Dans "Abril yssi' e mars intrava" le troubadour en parle.

Originaire de Toulouse, Peire Vidal est le fils d'un marchand de fourrures[1]. Sa biographie provençale affirme qu'il fut un bon troubadour et qu'il chantait merveilleusement, mais ajoute qu'il fut l'« homme le plus fou du monde »[2]. La plupart des anecdotes relatées par son biographe sont très probablement des légendes[1].

Peire commence sa carrière de troubadour à Marseille, à la cour du vicomte Barral de Marseille[3]. Le troubadour se rend ensuite en Espagne où il rejoint la cour du roi Alphonse II d’Aragon, avant de revenir à Toulouse[4]. Après un nouveau séjour à Marseille, il gagne la ville de Gênes puis s'embarque pour la Terre sainte à la suite du roi Richard Cœur de Lion[5]. Lors d'une escale sur l'île de Chypre, il se serait marié avec une femme grecque. Selon la légende, il aurait fait croire que sa femme était de sang impérial et aurait lui-même pris le titre d'empereur. Il aurait ensuite eu l'intention d'armer une flotte pour prendre possession de son empire[6].
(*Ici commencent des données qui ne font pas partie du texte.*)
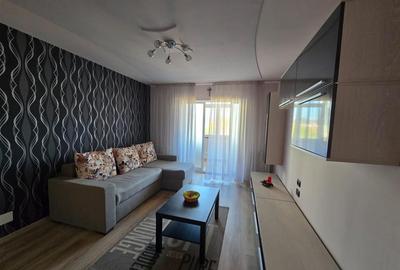 Apartament cu 3 camere semidecomandat, mobilat în Central - 2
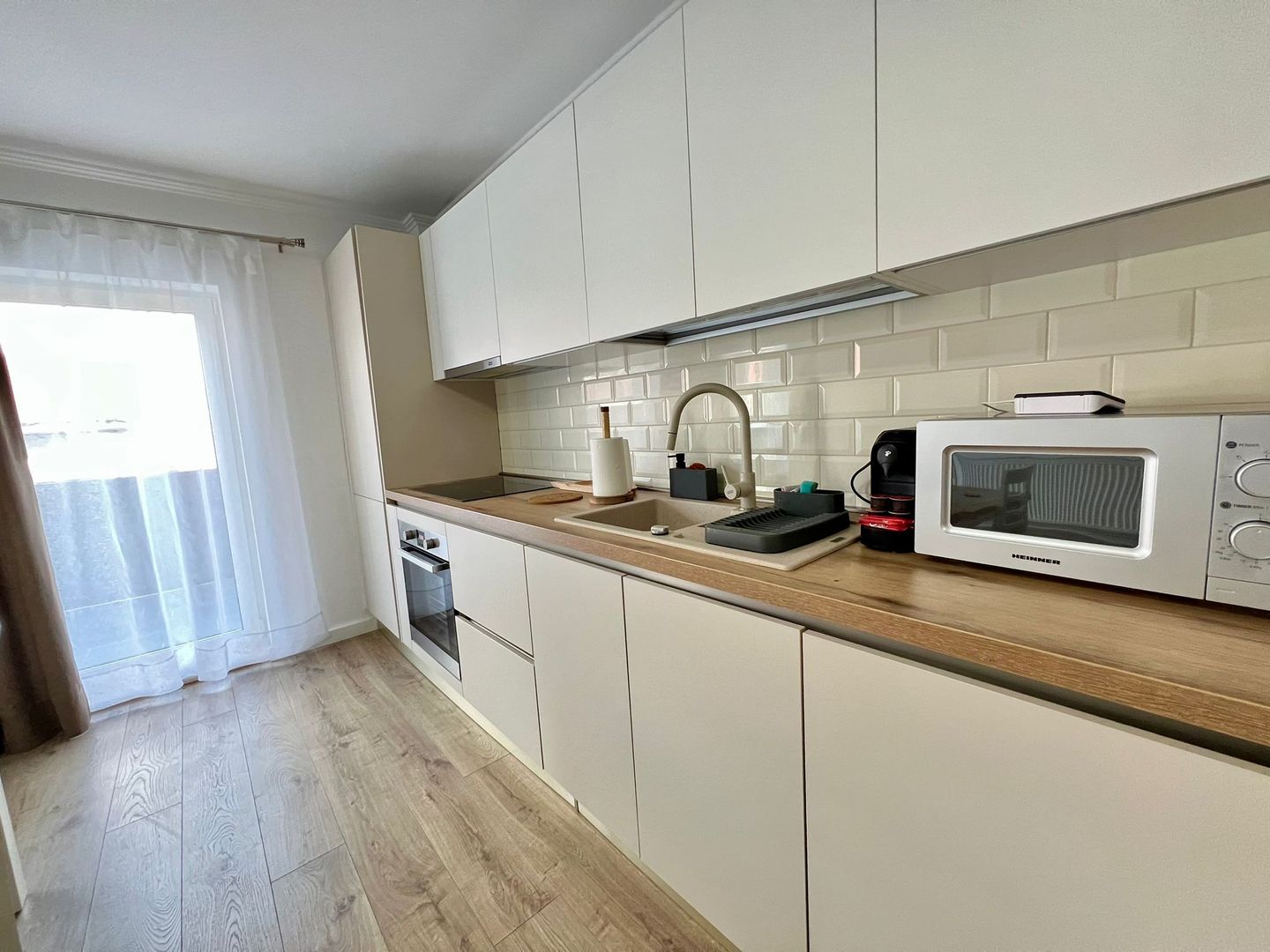 Apartament nou cu terasă 20 mp și garaj, lângă Tăietura Turcului - Poză 2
A son retour en France, il se brouille avec le comte Raymond V de Toulouse qui lui interdit l’entrée dans Toulouse. Leur désaccord va durer pendant quelques années au cours desquelles ils vont se battre à coups de mots. Lorsque Raymond V meurt en 1194, Peire Vidal, en signe de deuil, s’habille de noir, fait couper la queue et les oreilles de ses chevaux et oblige ses serviteurs à se laisser pousser la barbe et les ongles[7].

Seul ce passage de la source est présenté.